In the past five years, restaurant marketing has expanded dramatically beyond traditional vehicles such as television, radio, print and direct mail with the widespread adaption of smartphones and digital media.
Customer relationship management has turned marketing into a one-on-one proposition rather than a one-brand-to-audience exercise.
That seismic shift will continue, with companies and vendors honing their abilities to reach individual customers and to quickly assess their needs, wants and desires.
Big restaurant marketers are already using smartphone loyalty apps, in combination with emails and text messages, to drive traffic during off-peak days and dayparts. Starbucks, for example, sends emails that urge customers to make purchases via app on certain days and within certain hours by dangling the carrot-like reward of quadruple points.

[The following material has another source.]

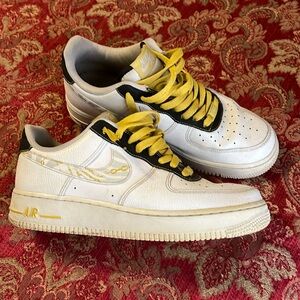 NIKE AF1 SIZE 9 used good shape, white yellow black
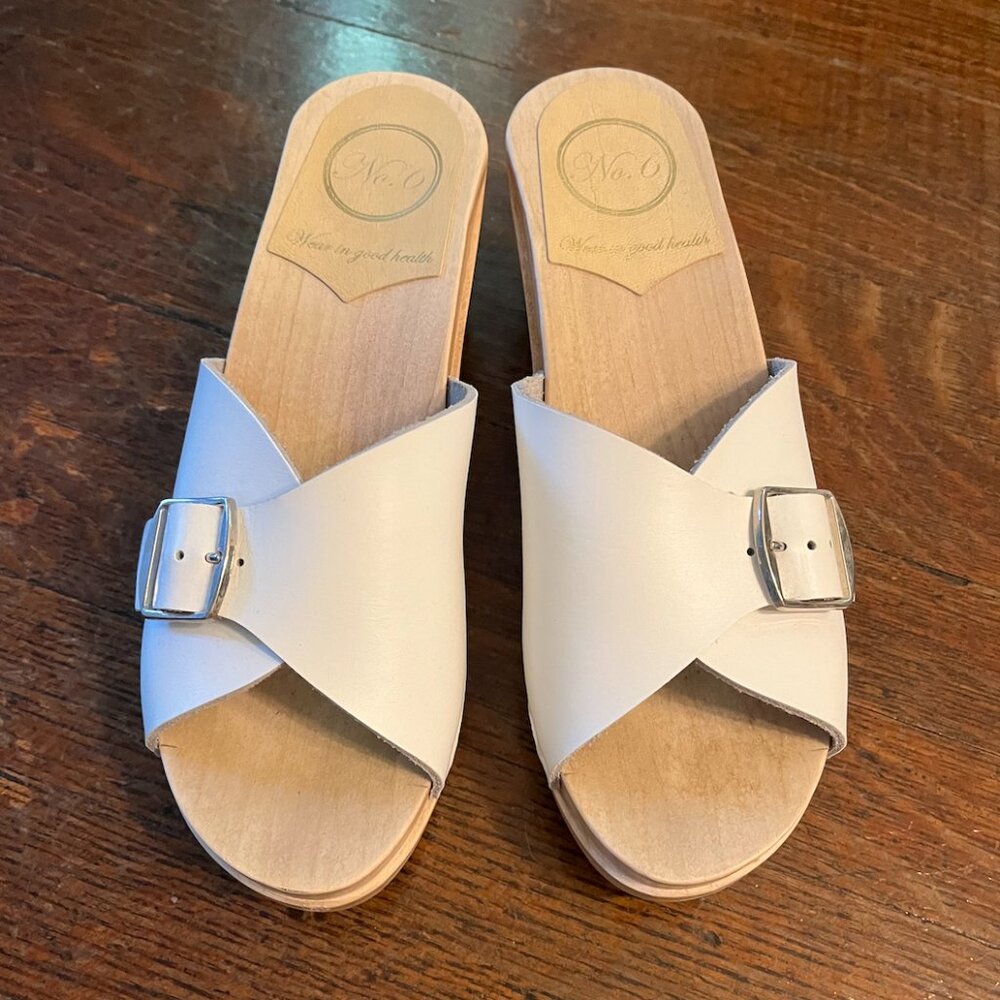 No.6 White clogs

"People have come to expect certain conveniences when they shop, travel and handle their finances — such as mobile access, personalization, loyalty tracking and no-touch transactions," said Andrew Feinberg, principal of Deloitte Consulting LLP’s restaurant and foodservice practice, in a September study on restaurant technology. "More and more, they want their restaurant experiences to feel the same way.”
Feinberg said restaurants will need to engage customers in a “personalized way, even as interactions become more omni-channel."
So no matter how customers place orders — via Internet, app or social media — they want the restaurant brand to recognize them.
Restaurants will use technology to recognize and motivate individual behaviors and, perhaps with beacons, offer specials when the consumer drives or walks by a location.